*Task input*.
____

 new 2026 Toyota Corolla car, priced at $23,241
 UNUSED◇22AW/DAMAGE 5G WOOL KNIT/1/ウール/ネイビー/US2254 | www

____

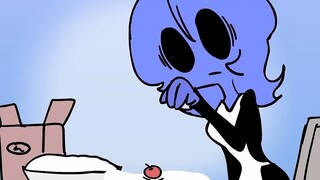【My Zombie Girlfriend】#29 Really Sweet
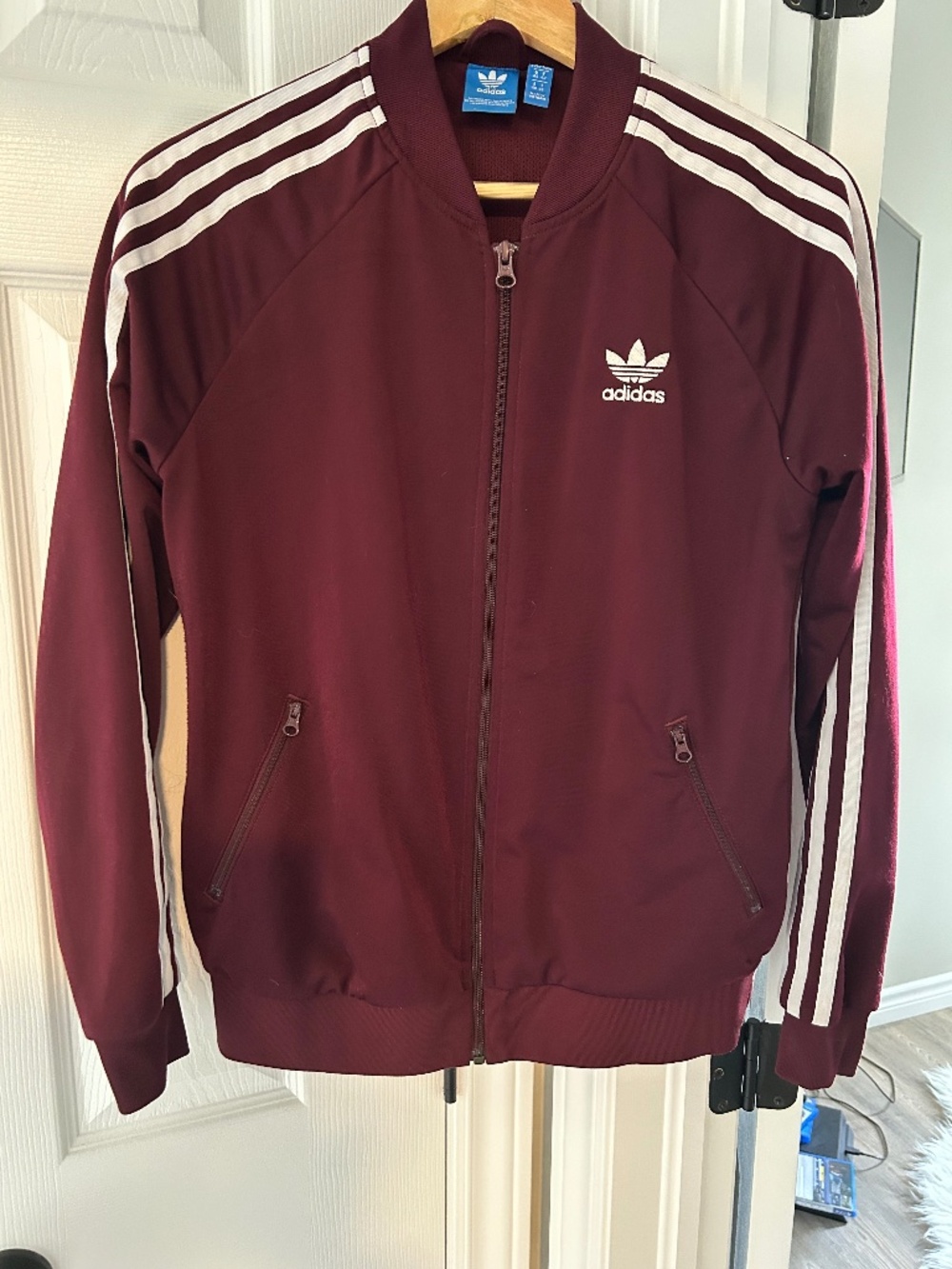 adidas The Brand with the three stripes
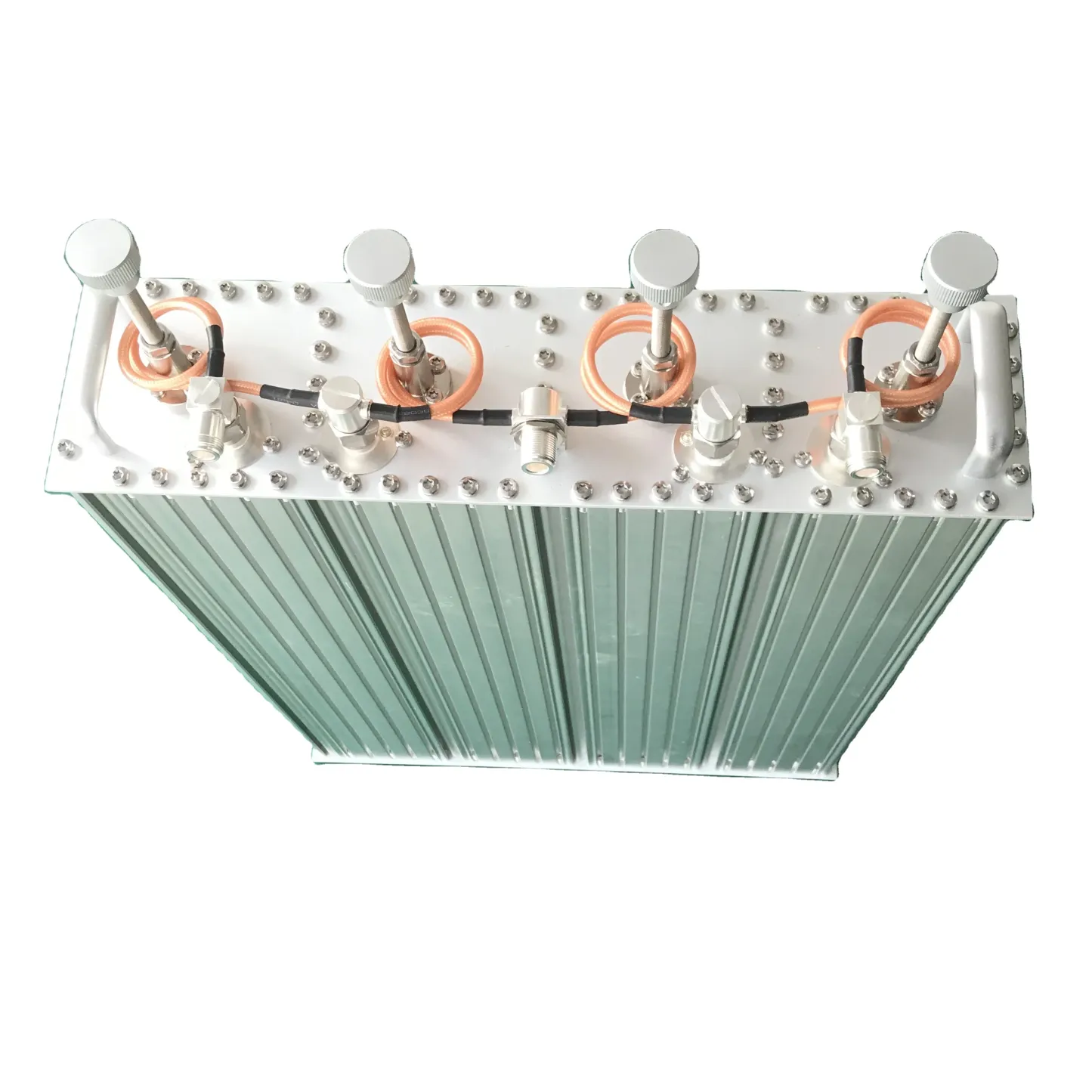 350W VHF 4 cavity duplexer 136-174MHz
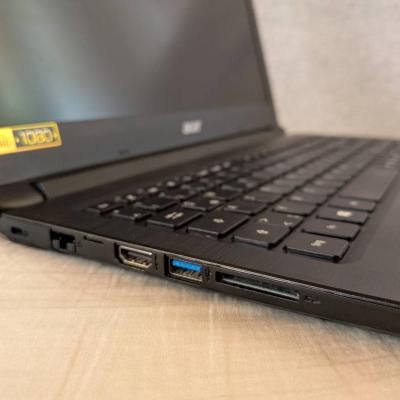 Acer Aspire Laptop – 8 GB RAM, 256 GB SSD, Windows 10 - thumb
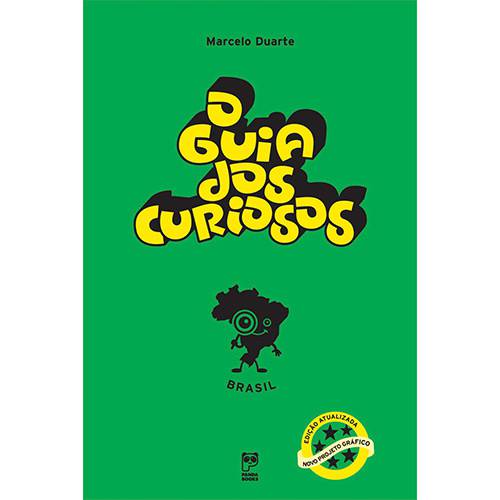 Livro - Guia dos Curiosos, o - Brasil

____

*Problem to work on*.
In the listing above, find the line with "Girlfriend】#29 Really Sweet" and the line with "Livro - Guia dos Curiosos, o - Brasil". Transcribe those two and everything between, exactly, leaving out pictures.

*Worked solution*.
【My Zombie Girlfriend】#29 Really Sweet
 adidas The Brand with the three stripes
 350W VHF 4 cavity duplexer 136-174MHz
 Acer Aspire Laptop – 8 GB RAM, 256 GB SSD, Windows 10 - thumb
 Livro - Guia dos Curiosos, o - Brasil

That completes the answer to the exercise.